## WORK ITEM
Once the pictures are removed, return each record below exactly as written.

## DATA RECORDS
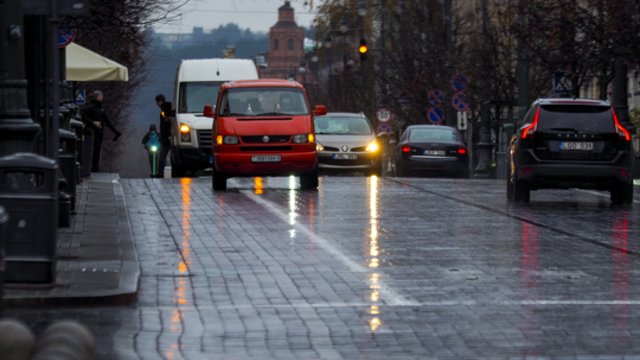 Saulės spinduliais džiaugsimės neilgai: vėl formuosis pavieniai kritulių debesys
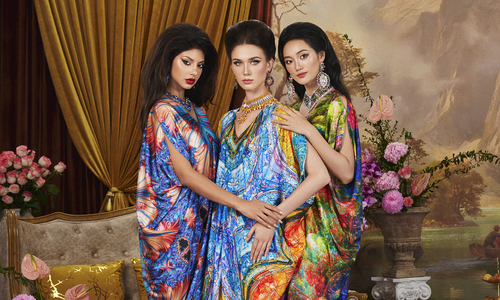 Designer Vu Tuong Vi launches 'Phon Hoa' collection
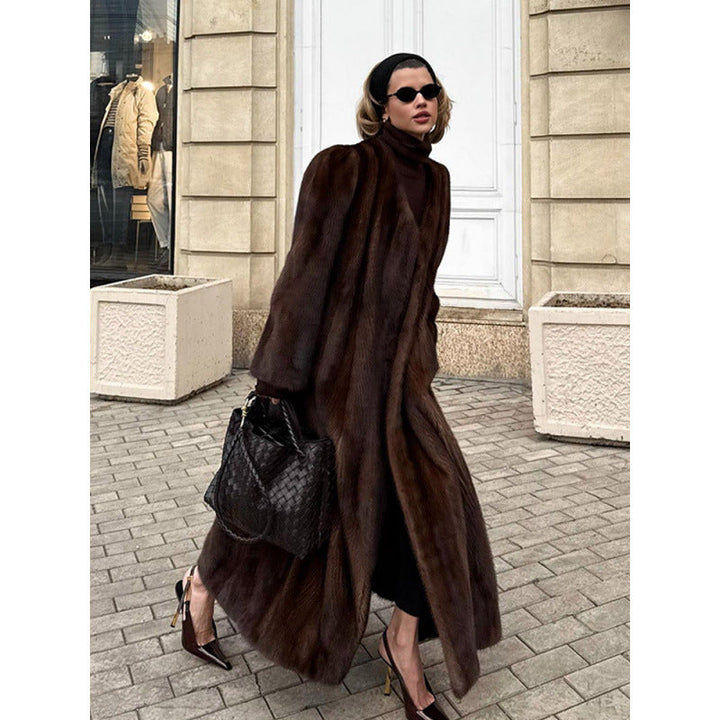 Women's Luxurious Faux Fur Coat with Elegant Cut and High Collar Lune London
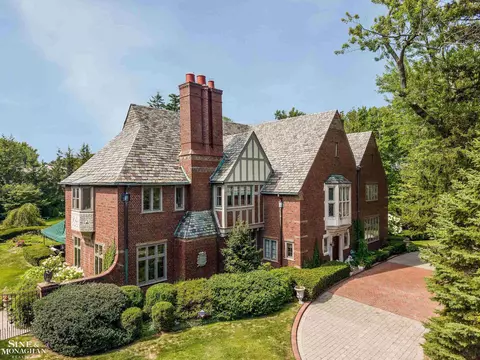 257 Ridge, Grosse Pointe Farms, MI 48236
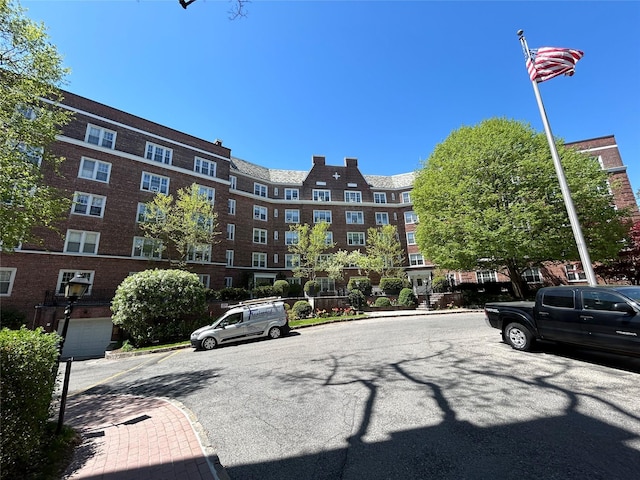 6 Midland Gdns Unit 5A, Bronxville, NY 10708 - view of apartment building / complex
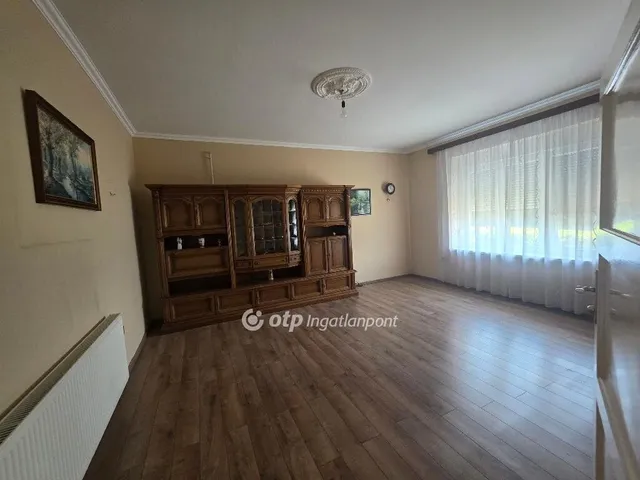 Eladó lakás Pápa 57 nm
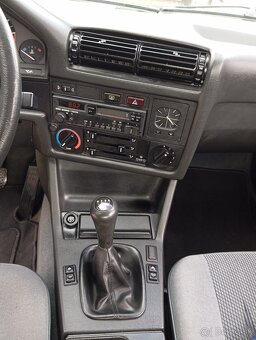BMW E30 Coupé - 8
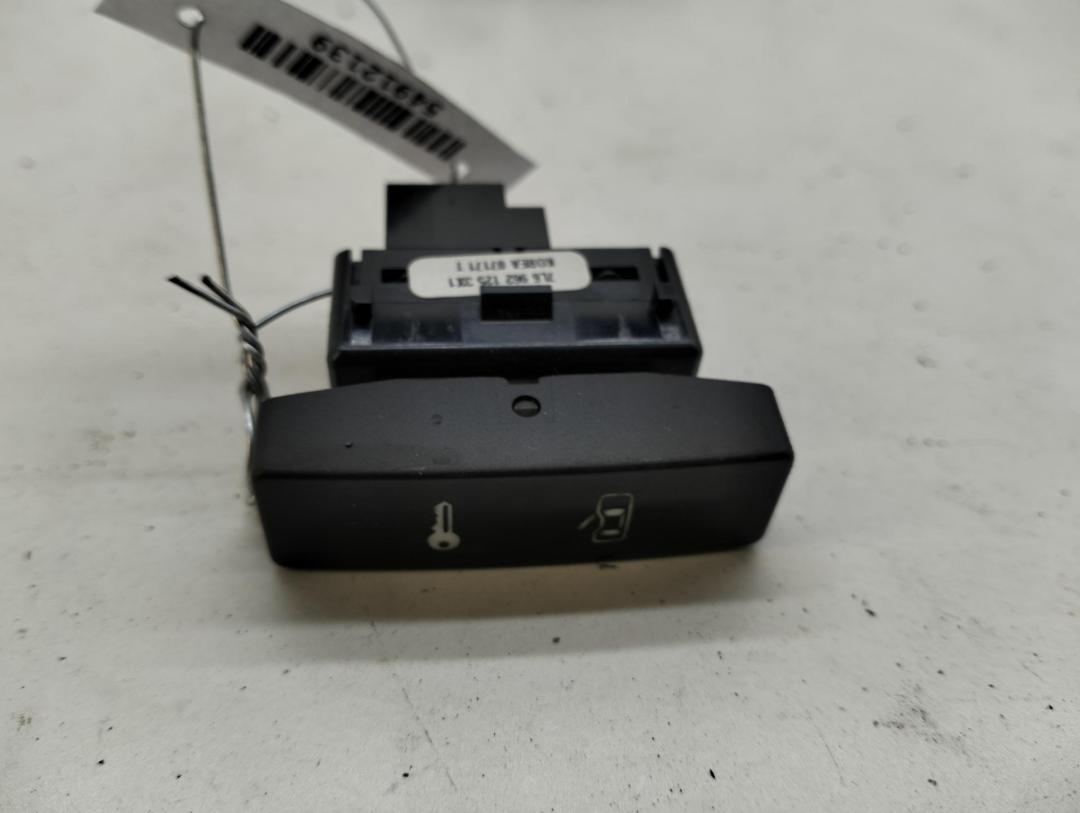 кнопка центрального замка Volkswagen Touareg 2007, 3.0 л., дизель, АКПП, чёрный, внедорожник 5 дв., 7L6962125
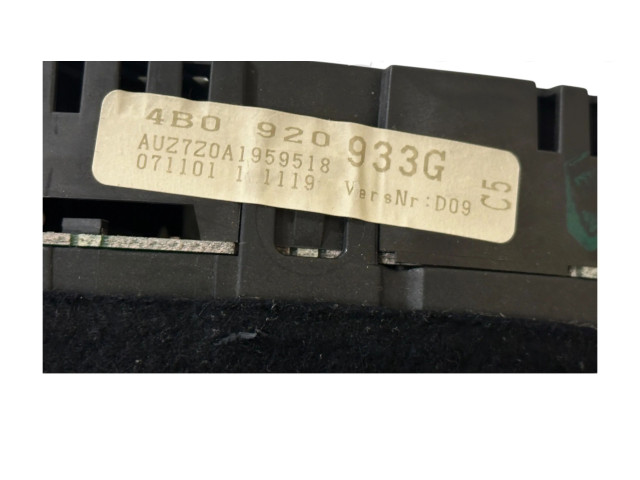 Přístrojová deska  Audi A6 S6 C5 4B 2000 4B0920933G  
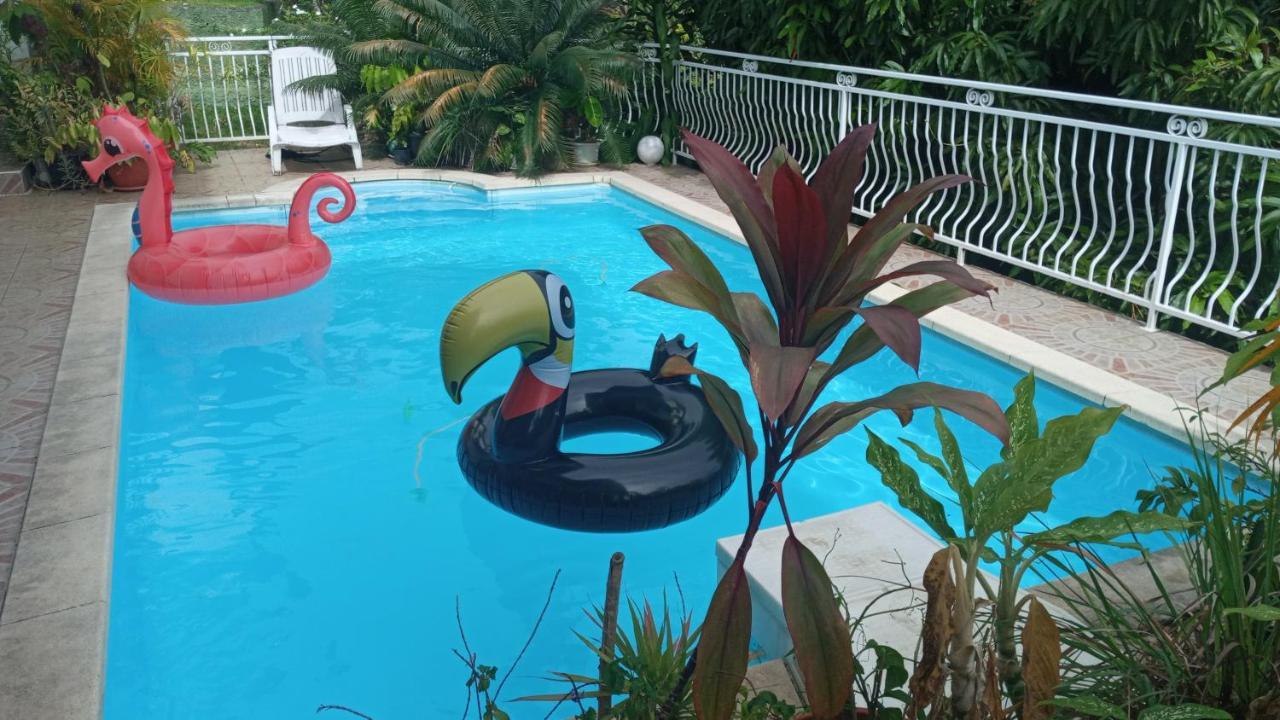 Manava Tahara'A Home Stay Mahina Exterior foto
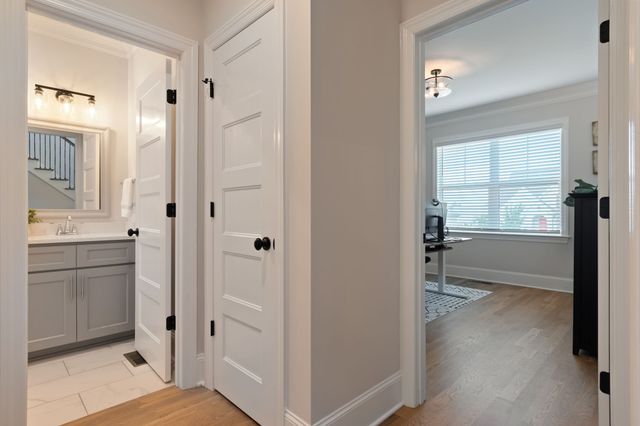 6050 Kidman Ln, Spring Hill, TN 37174
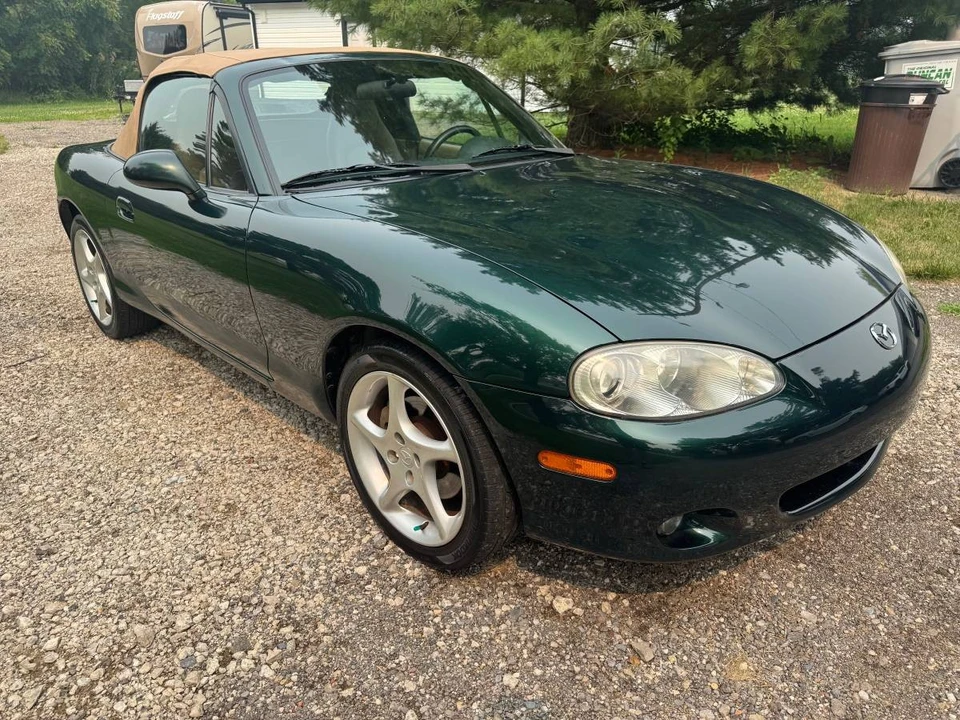2001 Mazda NB MX-5 Miata - Image 8 of 14
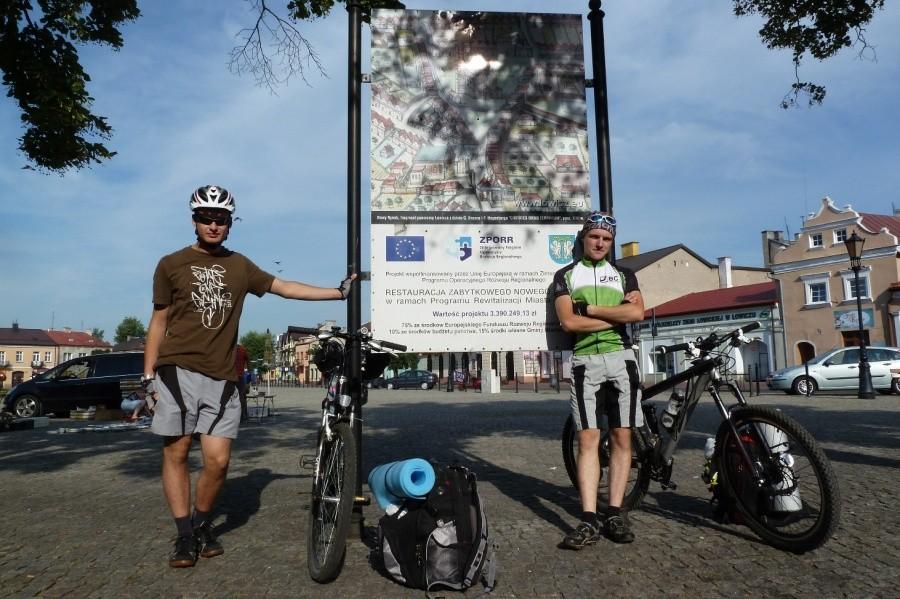 Łowicz, a w tle trójkątny rynek starego miasta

## RESPONSE AREA
 Saulės spinduliais džiaugsimės neilgai: vėl formuosis pavieniai kritulių debesys
 Designer Vu Tuong Vi launches 'Phon Hoa' collection
 Women's Luxurious Faux Fur Coat with Elegant Cut and High Collar Lune London
 257 Ridge, Grosse Pointe Farms, MI 48236
 6 Midland Gdns Unit 5A, Bronxville, NY 10708 - view of apartment building / complex
 Eladó lakás Pápa 57 nm
BMW E30 Coupé - 8
 кнопка центрального замка Volkswagen Touareg 2007, 3.0 л., дизель, АКПП, чёрный, внедорожник 5 дв., 7L6962125
 Přístrojová deska  Audi A6 S6 C5 4B 2000 4B0920933G  
 Manava Tahara'A Home Stay Mahina Exterior foto
 6050 Kidman Ln, Spring Hill, TN 37174
2001 Mazda NB MX-5 Miata - Image 8 of 14
 Łowicz, a w tle trójkątny rynek starego miasta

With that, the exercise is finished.